Les chiffres portant sur l’année 2023, du fait notamment du maintien du système d’indexation en période de forte inflation, confirment que l’équilibre s’est brisé :
Sur l’année 2023, l’économie luxembourgeoise est en récession avec une diminution du PIB réel de -1,1% ! Tous les secteurs économiques sont touchés bien que les secteurs financiers et de la construction sont les plus impactés. L’UEL note que la croissance économique du Luxembourg, sur les années 2022-2023-2024, est atone, voire même inférieure à celle de l’Union européenne.
Les finances publiques sont dans le rouge avec un déficit (prévisionnel) de l’administration centrale en 2023 de 2,2 mia EUR, soit le déficit le plus élevé hors 2020 où l’économie était à l’arrêt.

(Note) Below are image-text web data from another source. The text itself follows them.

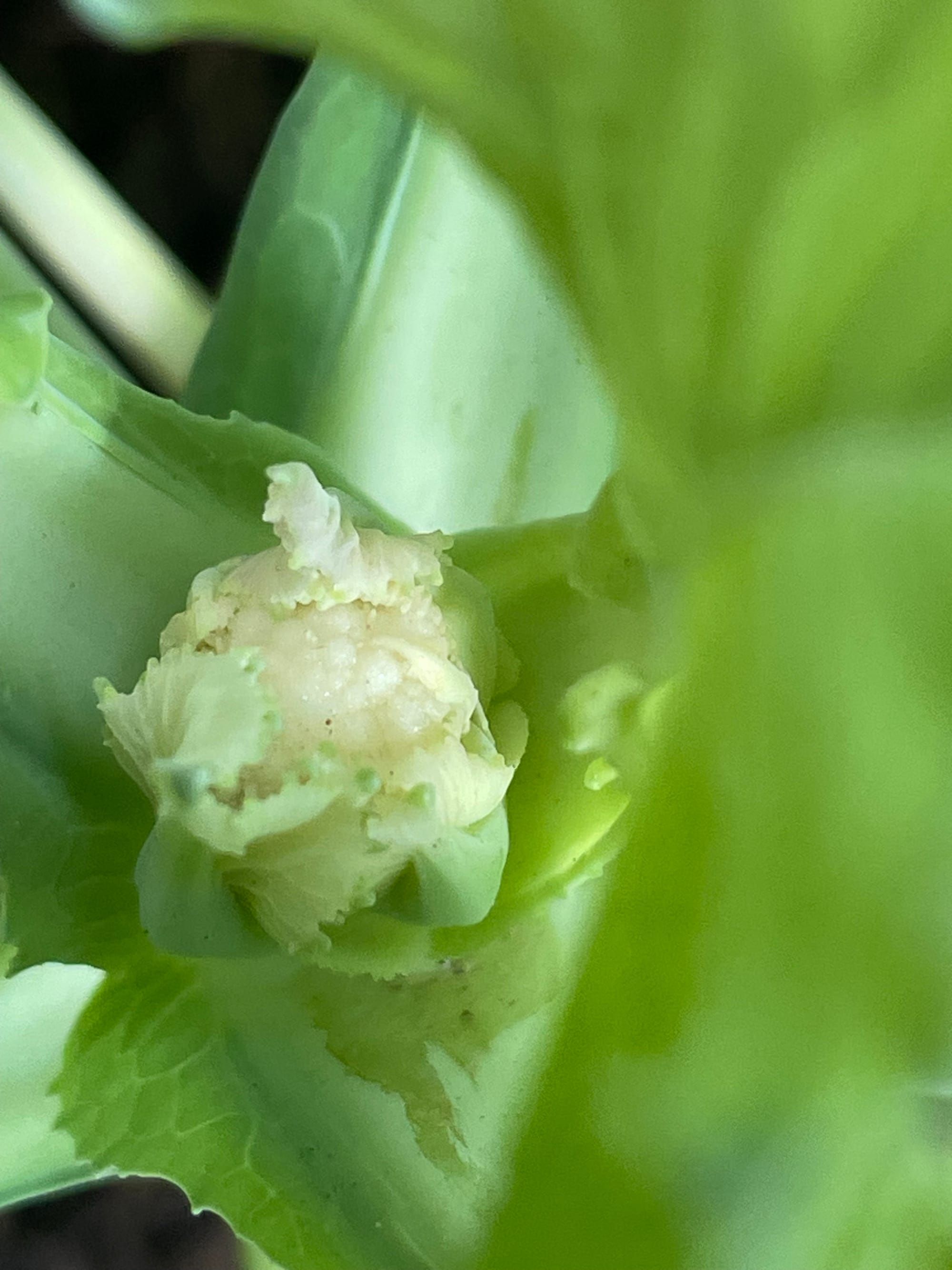 My First Baby Cauliflower — I Almost Missed It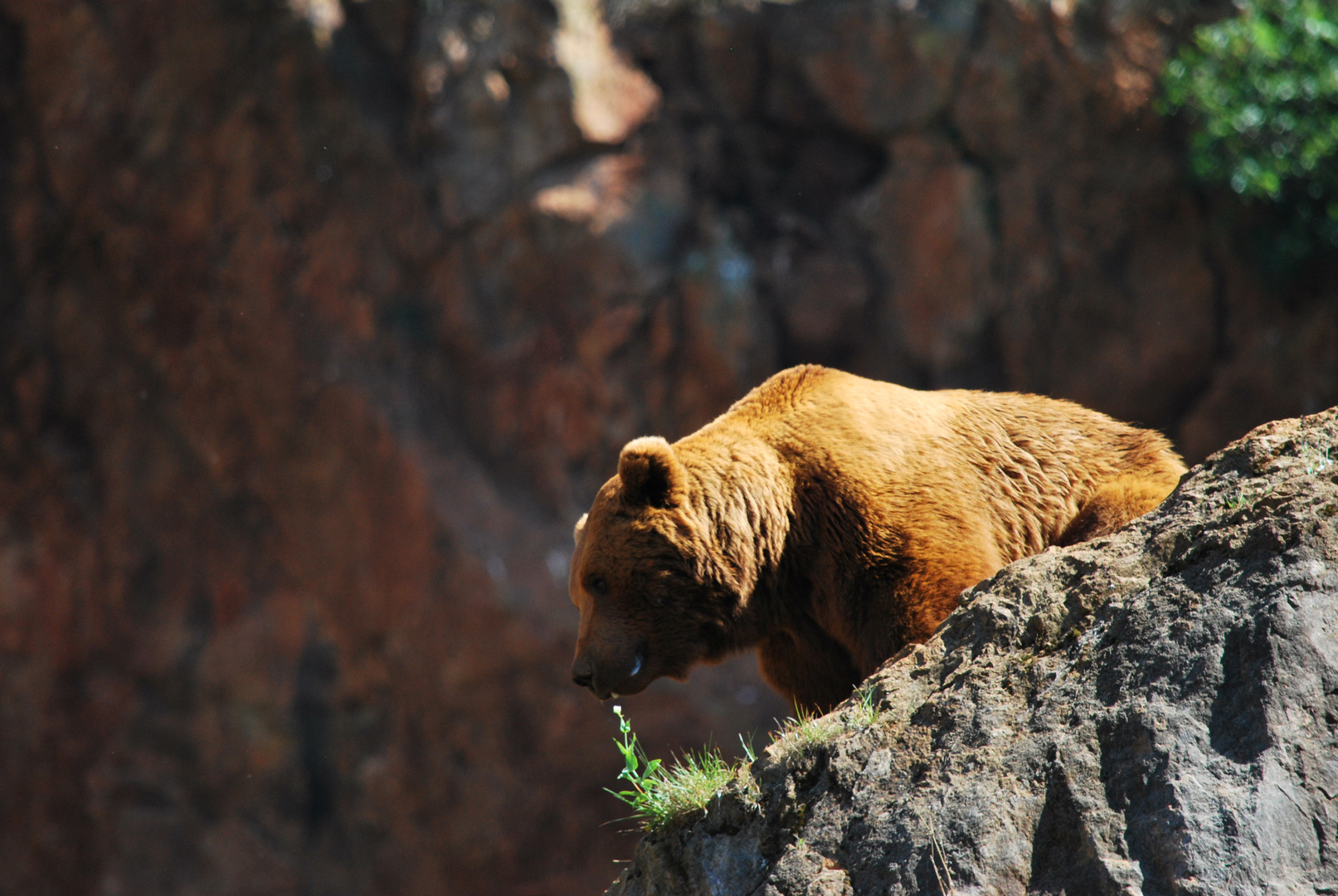 El Oso.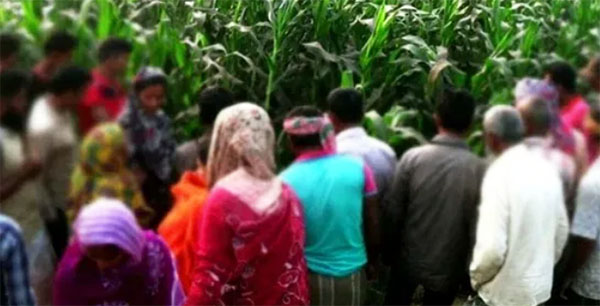 মিঠাপুকুরে  ভুট্টা ক্ষেত থেকে কিশোরীর অর্ধগলিত লাশ উদ্ধার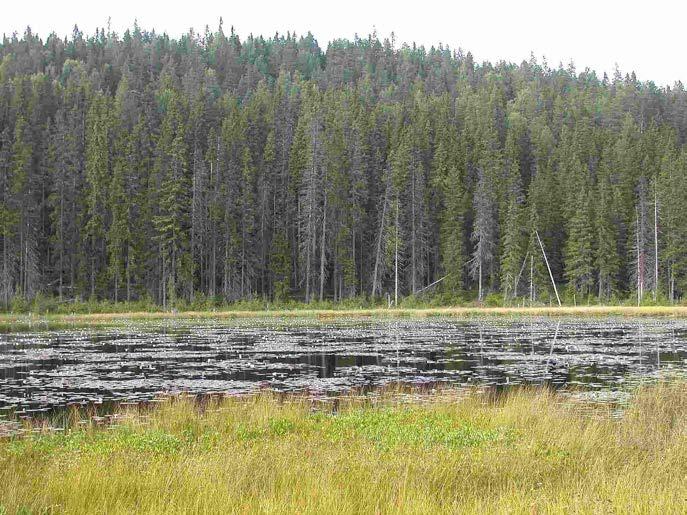 1 / 11 Beslut Datum 2014-12-08 511-7002-11 Dnr (anges vid skriftväxling) Enligt sändlista Beslut för bildande av naturreservatet Märatjärnberget Uppgifter om naturreservatet Naturreservatets namn: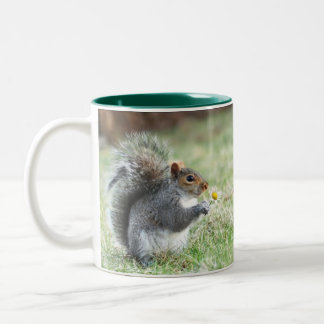Taza Bicolor Ardilla con la margarita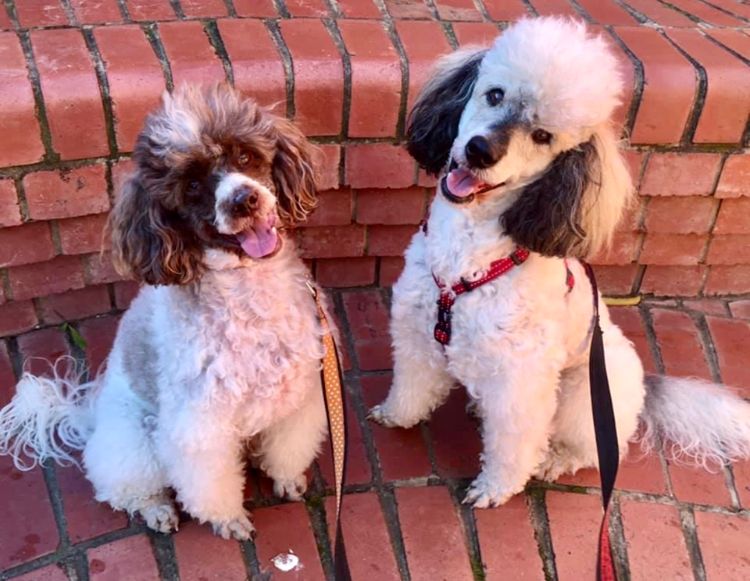 Benalla Poodles & Grooming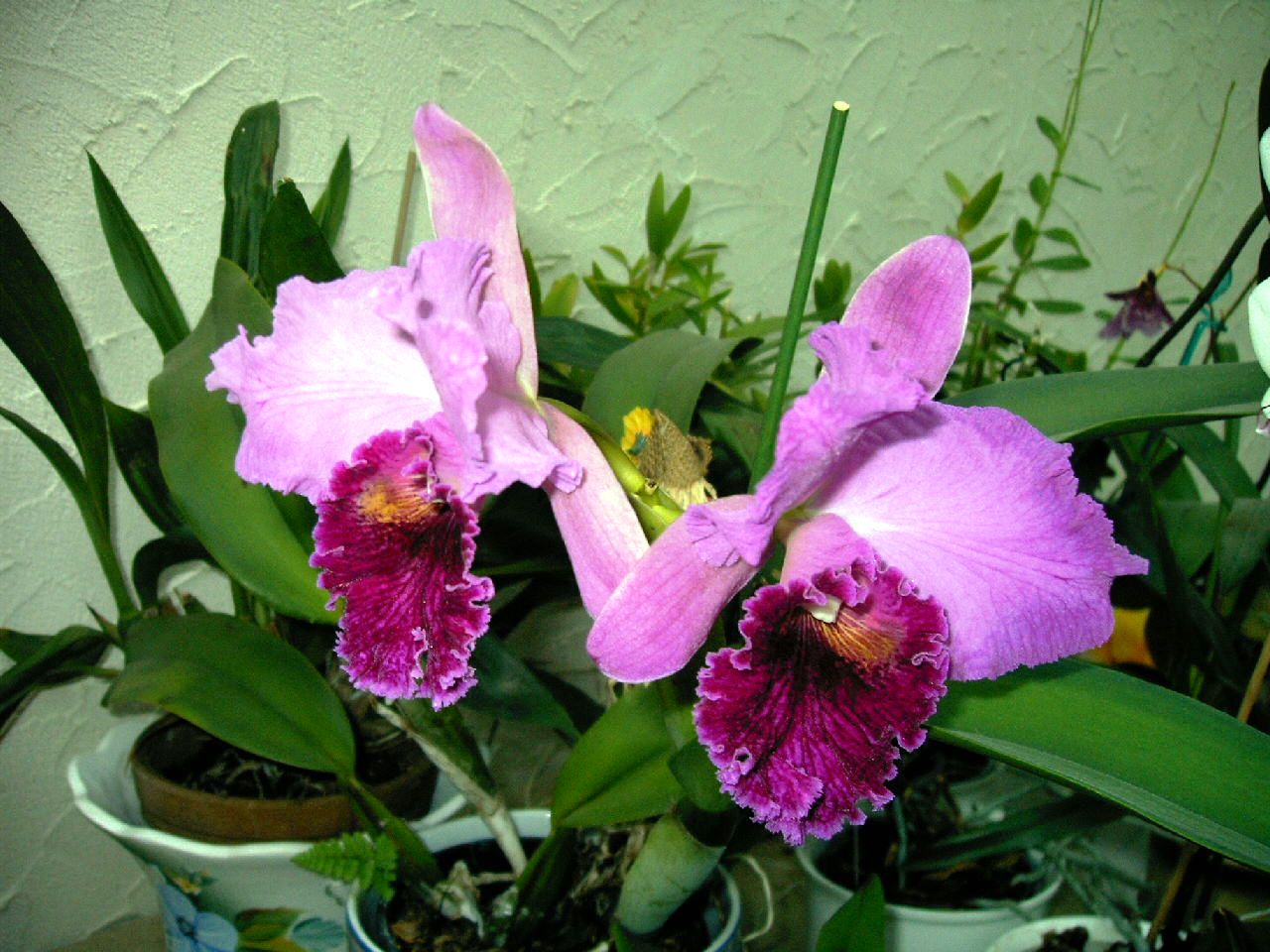 Orchidee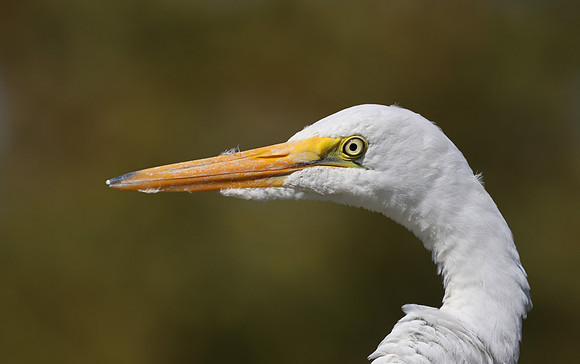 Great Egret - Ojai, California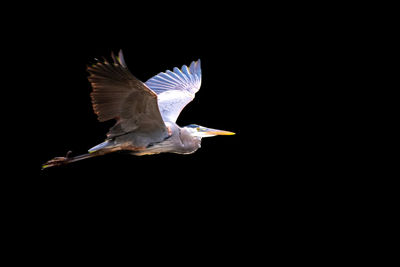 Gray heron flying against black background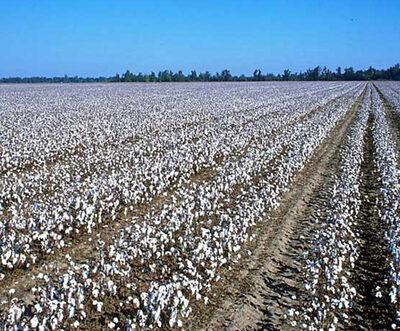 Uzbekistan to boost automated cotton harvesting to 70% in 2026
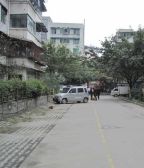 杨柳小区3室2厅东东南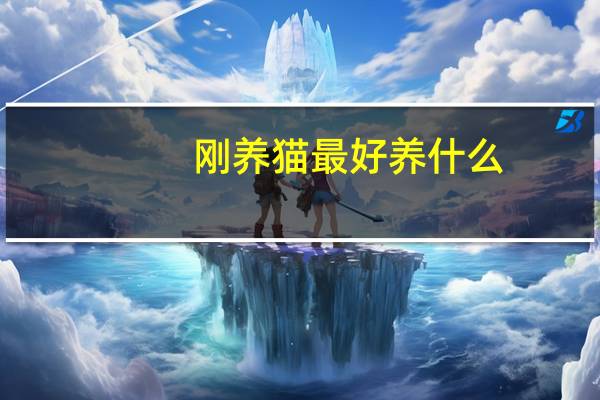 刚养猫最好养什么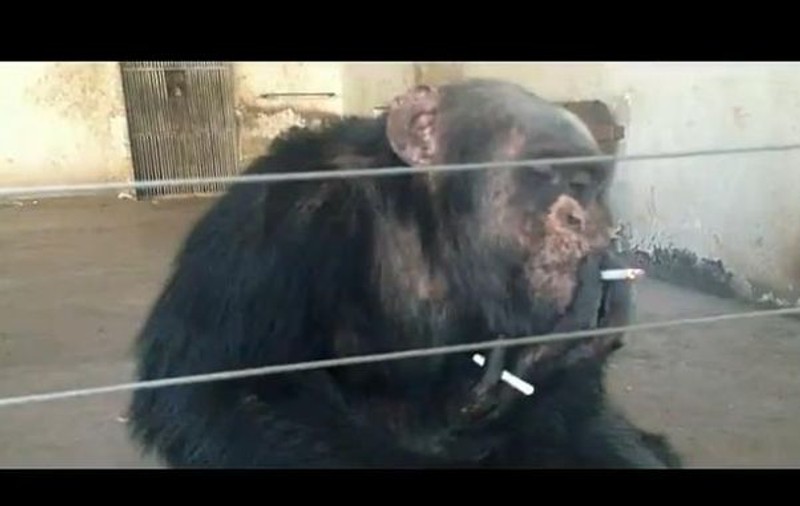 Un animal mai deştept de atât nu ai văzut! Uite cum fumează cimpanzeul ăsta şi cum îşi aprinde singur a 2-a ţigară! | VIDEO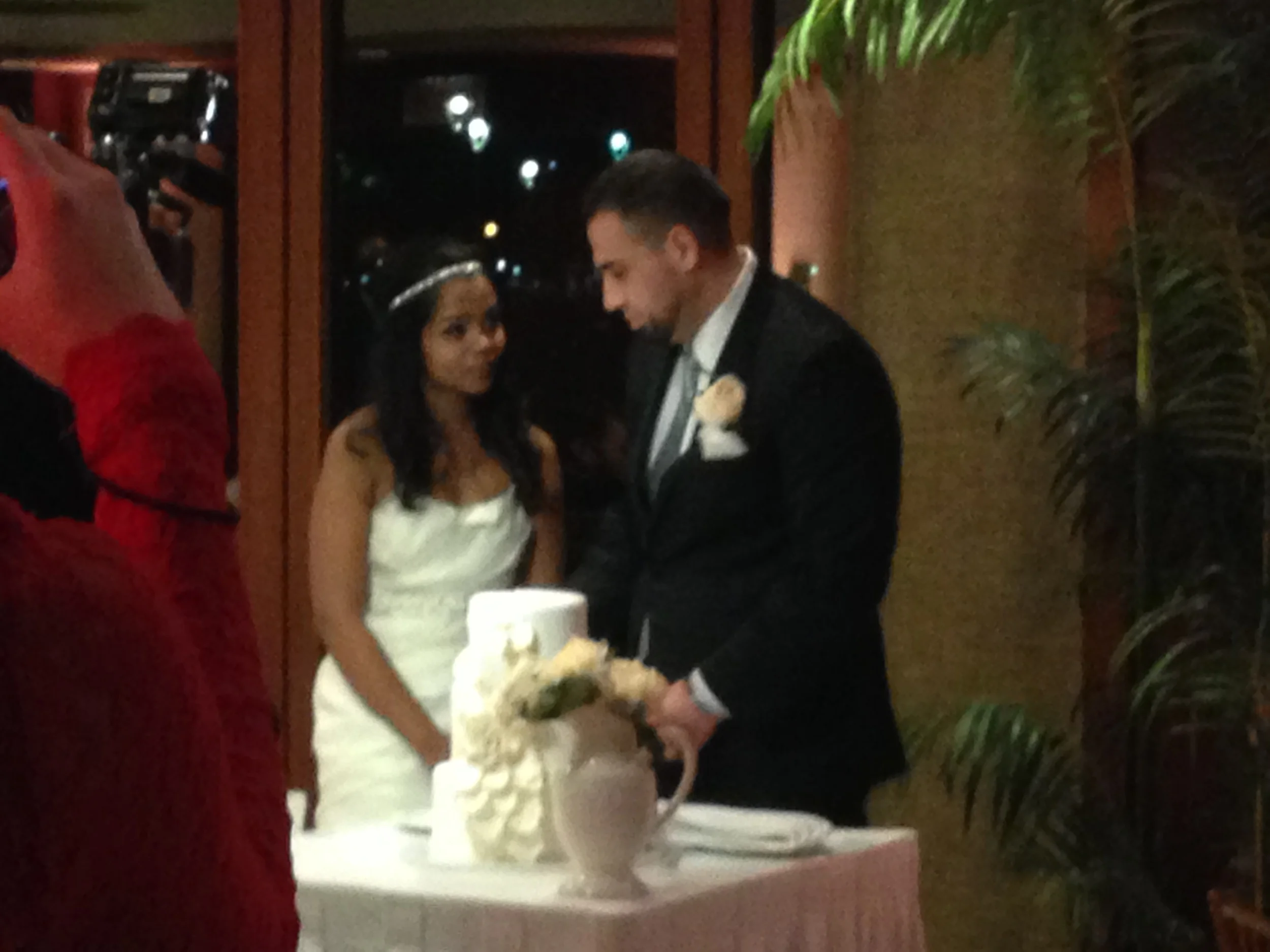 20-shanna-daniel-cake-cutting-hawaii.JPG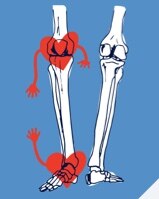 Illustrated bones with hearts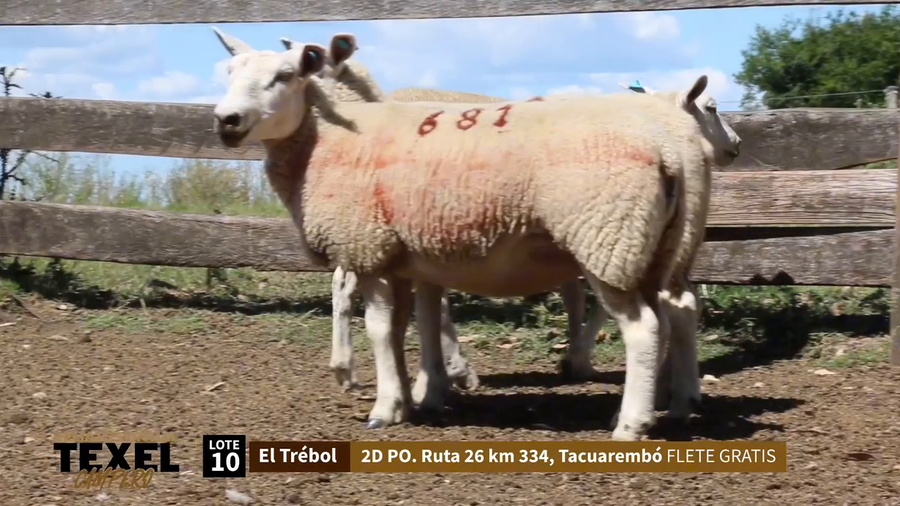 Lote 3 Corderas a remate en Segundo Remate - Texel Campero, Rivera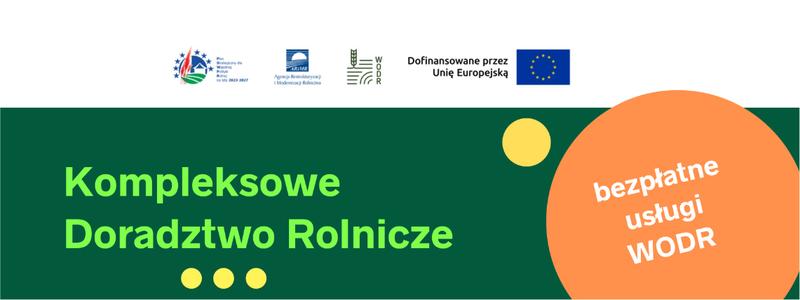 Trendy inwestycyjne przyszłości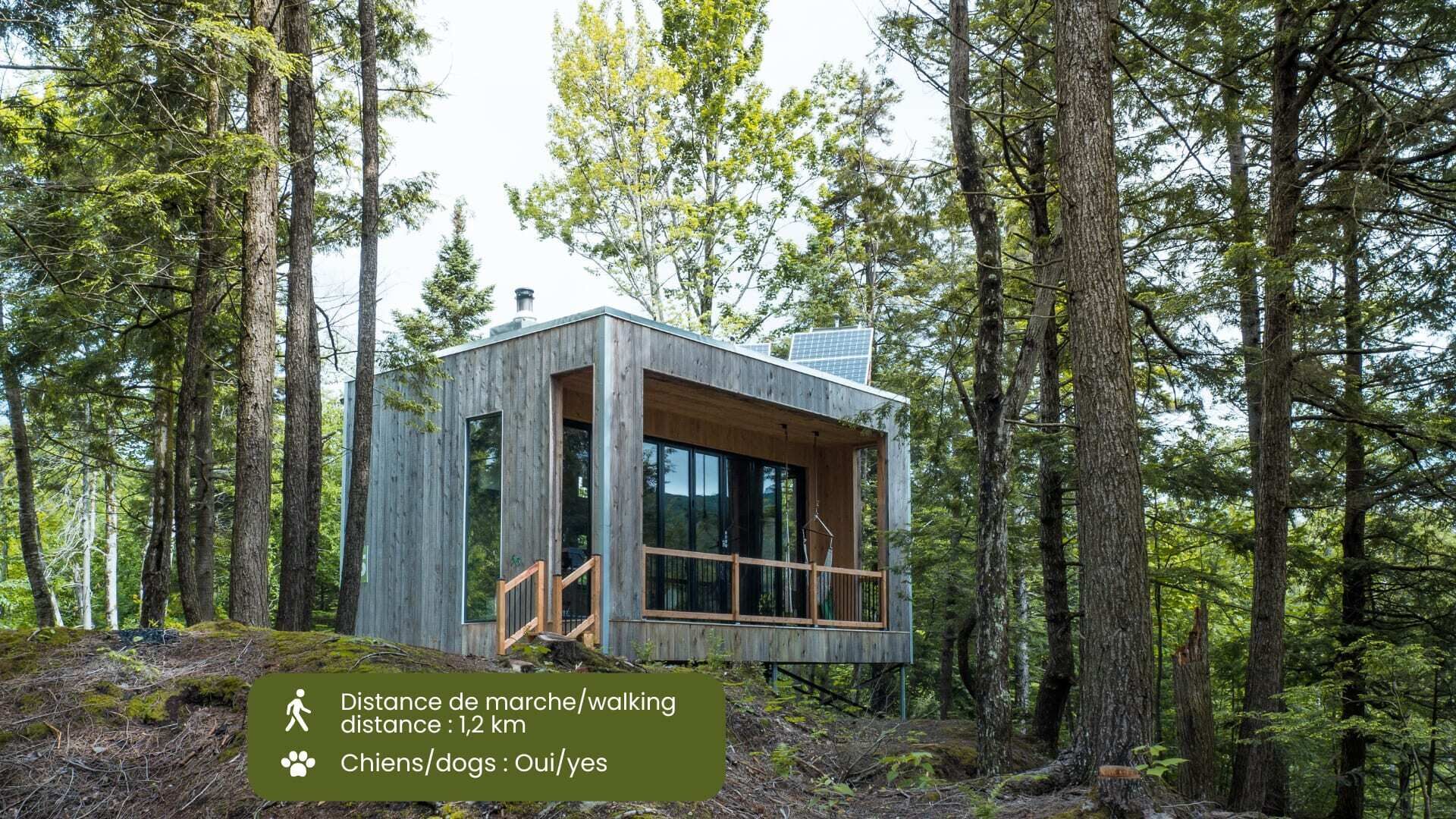Cabin Zoobox 65 Summa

Comme le résume bien le Conseil National de la Productivité dans son dernier Rapport, “la croissance économique faible et l’impact budgétaire des mesures, notamment les mesures de l’accord tripartite, alimentent le déficit public”.
L’UEL note que le dérapage devient structurel puisque l’IGF anticipait, lors de ses échanges avec le Formateur et comme l’indique le graphique ci-dessous, un déficit cumulé de 10 mia EUR sur la période 2023-2027.
Et dans cette situation difficile sur le pilier économique et le pilier des finances publiques, les salaires bruts, les salaires réels et l’épargne augmentent au Luxembourg. L’UEL note qu’après plusieurs années de crises, les salaires réels (donc après prise en considération de l’inflation) sont aujourd’hui 6% plus élevés qu’en 2019. Cette situation contraste avec les autres pays européens.
L’UEL en profite pour rappeler l’effet pervers et anti-social du système d’indexation actuel. Ainsi, les 5 indexations reçues par les salariés depuis octobre 2021 représentent un surplus de salaires de 16.000 EUR par an à celui qui gagne 10.000EUR par mois alors que celui qui gagne le salaire minimum n’a eu qu’un surplus annuel de 4.000 EUR.
Pour ce dernier, tout le surplus a été consommé. Pour le premier, le surplus est tellement grand qu’il n’a pas pu tout consommer et donc a vu son épargne s’accumuler.
Au Luxembourg, les salaires réels et l’épargne continuent d’augmenter
L’UEL alerte sur cette situation de déséquilibre qui n’est pas durable.
L’objectif de l’UEL n’est pas de réduire l’État social (bien qu’une certaine dose de sélectivité s’impose pour aider en priorité ceux qui en ont besoin) mais d’agir pour relancer l’économie et le dynamisme des entreprises, car ce sont elles, et elles seules, qui sont génératrices de revenus et de contributions budgétaires offrant une telle qualité de vie.
Comme toute entreprise, l’UEL se veut optimiste et tournée vers l’avenir. À la lecture de l’accord de coalition, nous osons croire que le Gouvernement actuel a compris l’ampleur de l’enjeu.
L’ambition commune est d’inscrire à nouveau le pays sur une trajectoire de croissance économique et ainsi reconstruire le Triangle d’or.
Cet article a été rédigé par Nicolas Simons, Chief Economist de l’UEL.